Cette action intervient en prélude de l’opérationnalisation de la fibre optique en RCA. Une occasion où la présence des centrafricains va s’accroitre sans doute sur les réseaux sociaux.
Soulignons que l’annonce de la probable adoption de cette loi fait suite à celle portant sur la protection des données à caractère personnel, adoptée à la fin du mois de décembre dernier.
Le Chef de l’Etat Faustin Archange Touadéra dans son adresse à la nation le 31 décembre dernier a aussi déploré la montée exponentielle de la désinformation et les discours haineux sur les réseaux qu’affecte presque toute la communauté : « Au seuil de la nouvelle année, je voudrais dire un mot sur la désinformation qui mine le socle fragile de la réconciliation nationale et ternit l’image de notre pays à l’étranger.
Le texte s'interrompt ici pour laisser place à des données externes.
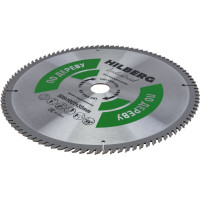 Диск пильный Hilberg Industrial Дерево 305x30x100Т HW307
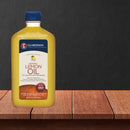 Guardsman Wood Revitalising Lemon Oil, 473ml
Comme vous le constatez et regrettez, nous assistons depuis quelques temps à une montée exponentielle des discours incitant à la haine ou à la violence, les discours toxiques, irresponsables, cyniques et mensongers devenus viraux sur les réseaux sociaux et dans certains médias privés. »
Il est regrettable de constater que quelques Compatriotes s’emploient à détruire des vies, des foyers, des familles, des carrières des autres concitoyens par des diffamations, des calomnies, des mensonges alimentés par le fiel amer de la méchanceté, de la jalousie et de la rancœur, a déploré le président Faustin Archange Touadéra.
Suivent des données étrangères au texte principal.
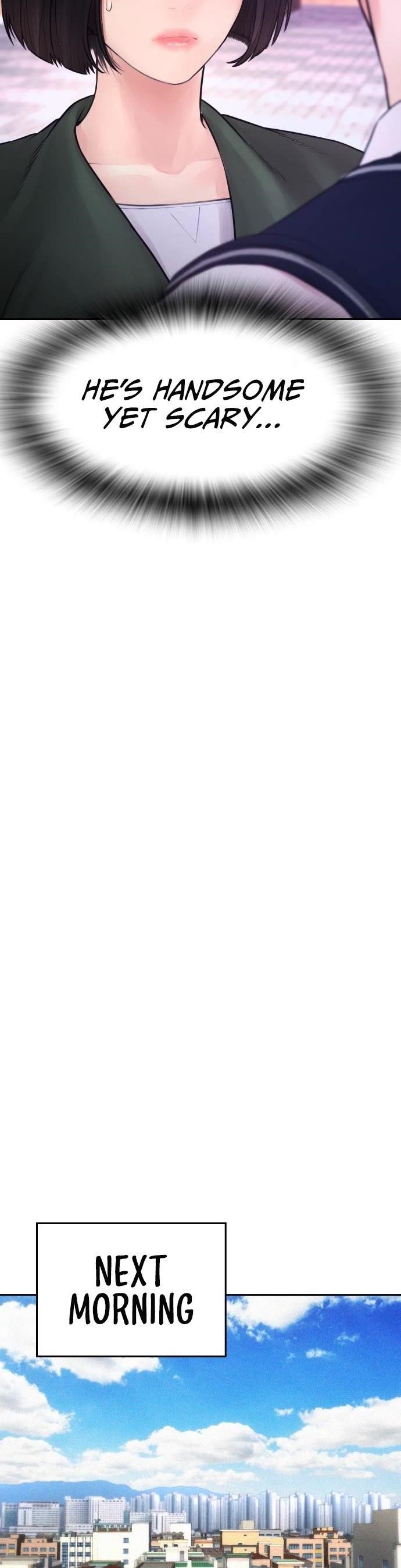 Daddy Goes To School Chapter 60 - Page 52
Les réseaux sociaux ne doivent pas être des vecteurs de haine et de désinformation.
Une occasion pour le Chef de l’Etat de mettre en garde tous les auteurs de cette pratique aussi d’instruire le ministère de la Communication et le Haut Conseil de la Communication, organe régulateur des médias en RCA qui est limité par les moyens pour régulariser les médias en ligne et les réseaux sociaux, un travail d’éducation à faire aux médias pour limiter les campagnes organisées de désinformations à des fins politiciennes ou subversives.
« A tous ceux qui projettent toujours de replonger le pays dans le chaos sous des prétextes fallacieux, je tiens à rappeler que le peuple a trop souffert du fait de leurs errements politiques. », a martelé le Présent centrafricain.
Il faut noter que malgré que des organismes internationaux comme la Minusca, l’Union Européenne et certains organes de presse œuvrent pour la réduction de ce fléau, le combat est loin d’être acquis.
L’on continue d’assister aux incitations à la haine, des discours incendiaire sur les réseaux sociaux par des politiques.
Cette loi sur la cybercriminalité qu’a évoquée le Président de la République dans son discours parait comme un brin de solution pour la réduire ce fléau en RCA. Mais certains observateurs de la vie politique doutent encore de l’applicabilité de celle-ci. Puisque selon eux, la plus part de ces discours haineux ont été propagés par certains caciques du pouvoir et d’autre part par la diaspora centrafricaine.
Les élus de la Nation sont déjà en session depuis mercredi dernier pour examiner et voter des lois organiques des institutions de la VIIe République. Parmi ces lois figure la Loi Cyber sécurité et la cybercriminalité.